During today's call, the Company will be making forward-looking statements, including comments regarding future plans and financial outlook. The Company's actual results may differ materially from current expectations based on risk factors included in the Company's quarterly and annual reports filed in the SEC.
Now I would like to turn the call over to Paul Marciano.
Paul Marciano - CEO, Vice Chairman and Creative Director: Thank you. Good afternoon and thank you for joining us today. For total Company, in the fourth quarter, we delivered adjusted earnings per share of $0.95, which were at the high end of expectation despite a very fragile Europe economic environment and a challenging North American Retail market.
Before we get into the detail of the call, I want to address a few important issues upfront. I've been very disappointed with the performance in the retail North America over the past year. We have taken a hard look at this business and we are in the process of making some strategic management changes. My top priority is to continue to focus on building an executive team with a combination of new and existing talents.
We are bringing on board two new top executives; one, to head our design who will work directly with me and has a strong background of the young female customers for the past 15 years. And another executive for all merchandising retail North America. They will start within 60 days and I'm very excited to work with these new team members.
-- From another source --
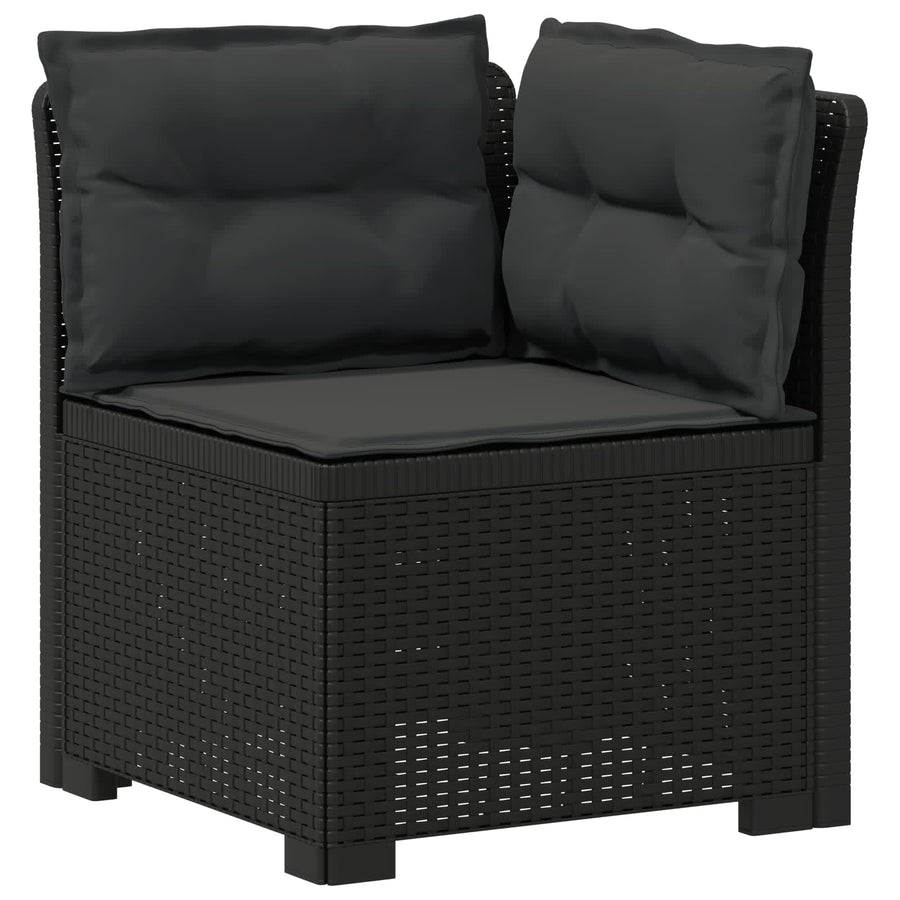 5-Zits Tuin Sofa met Kussens Rattan Look PP Antraciet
Also, we resumed the search for Corporate COO. These changes will position us better to execute our long-term strategies.
In North America, in the fourth quarter, comp sales for retail North America were down 6%, which was within the range of expectation; however, traffic trend decline at the end of January and the softness continued into March. We believe that the tax change and adverse weather has all contributed to this decline in a certain degree as a recent slowdown was not significant in a cold weather states. But clearly products played the biggest role in this decline, I'm convinced about that. For me everything starts with the product and end with the products. We have developed a three-point strategy to drive the growth in our business; increase our denim offering and iconic style at entry price point, shorten our supply chain calendar and enhance our denim heritage.
I strongly believe that the heritage of Guess? is rooted in denim. The Guess? girl with sexy and young looks to us for iconic and sexy styles. We must be more innovative than ever in our denim design, always pushing for the best fit, the newest washes and the most inspiring print at affordable points.
In the past 18 months, the strategy was focused on running more sales in higher priced product category. Today, as a result, we realized that we have excluded the young aspirational Guess? girl with more price conscious, than ever. This aspirational girl is very important to us and we'll be increasing our denim offering at $75 to $95 price point, just to the majority of what we have now from $108 to $148 of bulk of our offering.